"""
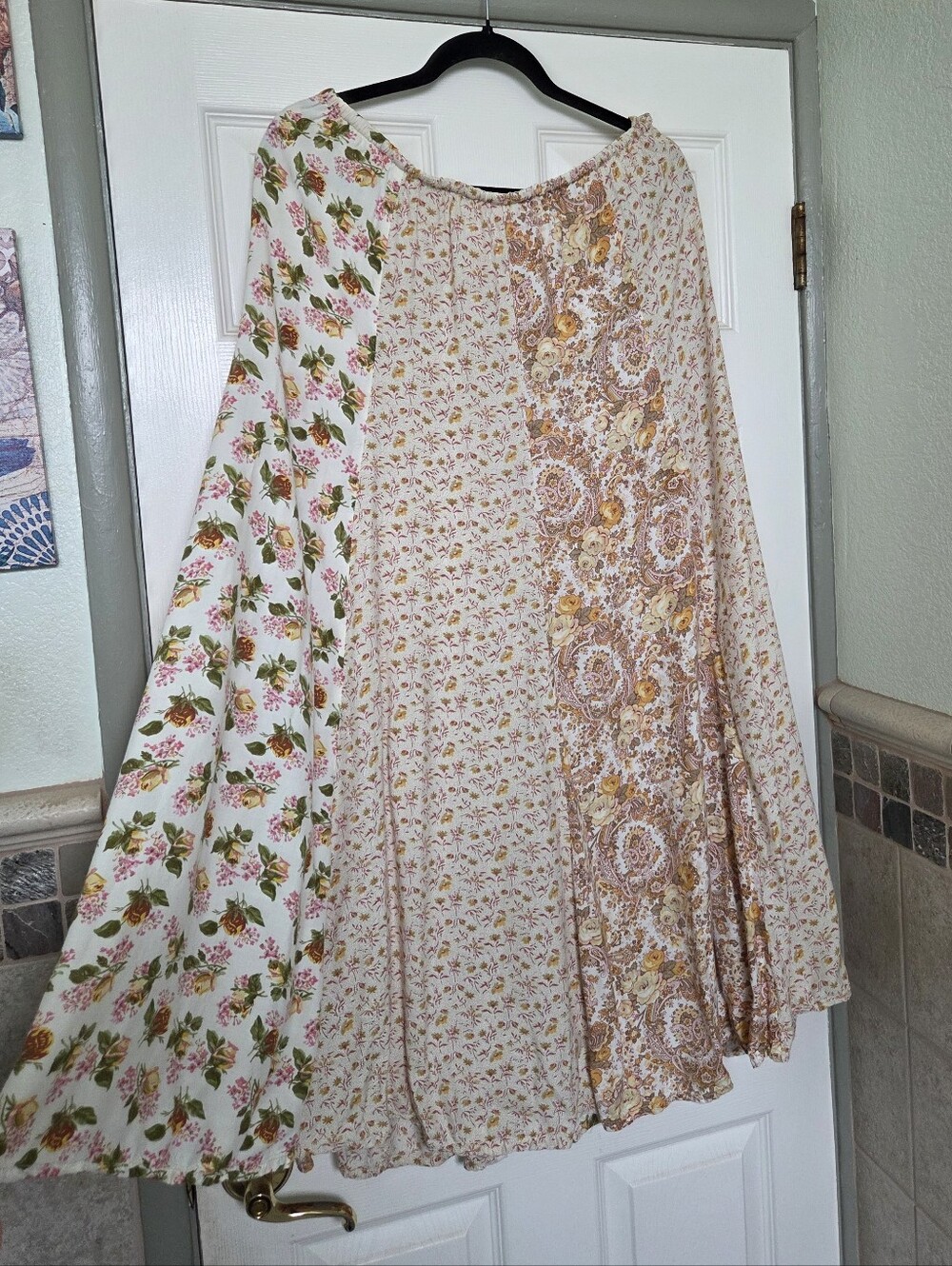 April Cornell Cream Pink Green Floral Patchwork Maxi Skirt Cottage Prairie Large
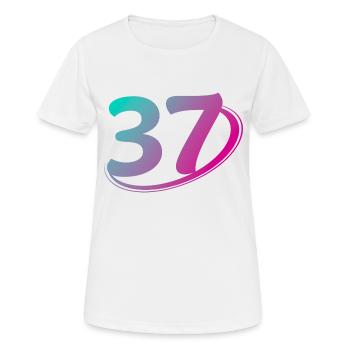 Nummer 37 mehrfarbig - Frauen T-Shirt atmungsaktiv - Weiß - Vorne - AI Model Female 172 dark (172cm)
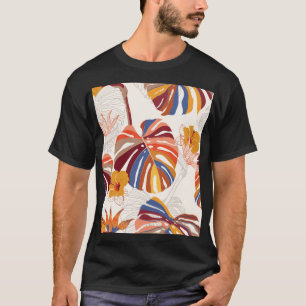 Camiseta Desenho Da Mão Tropical Brilhante
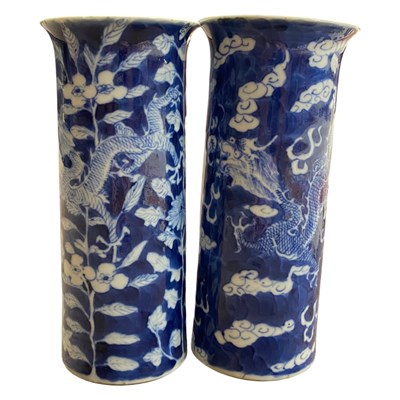 Lot 300 - Pair of 19th century Chinese porcelain vases...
"""
→ How to complete this task: Would you repeat the listing above exactly, minus the images?

→ Response below:
 April Cornell Cream Pink Green Floral Patchwork Maxi Skirt Cottage Prairie Large
 Nummer 37 mehrfarbig - Frauen T-Shirt atmungsaktiv - Weiß - Vorne - AI Model Female 172 dark (172cm)
 Camiseta Desenho Da Mão Tropical Brilhante
 Lot 300 - Pair of 19th century Chinese porcelain vases...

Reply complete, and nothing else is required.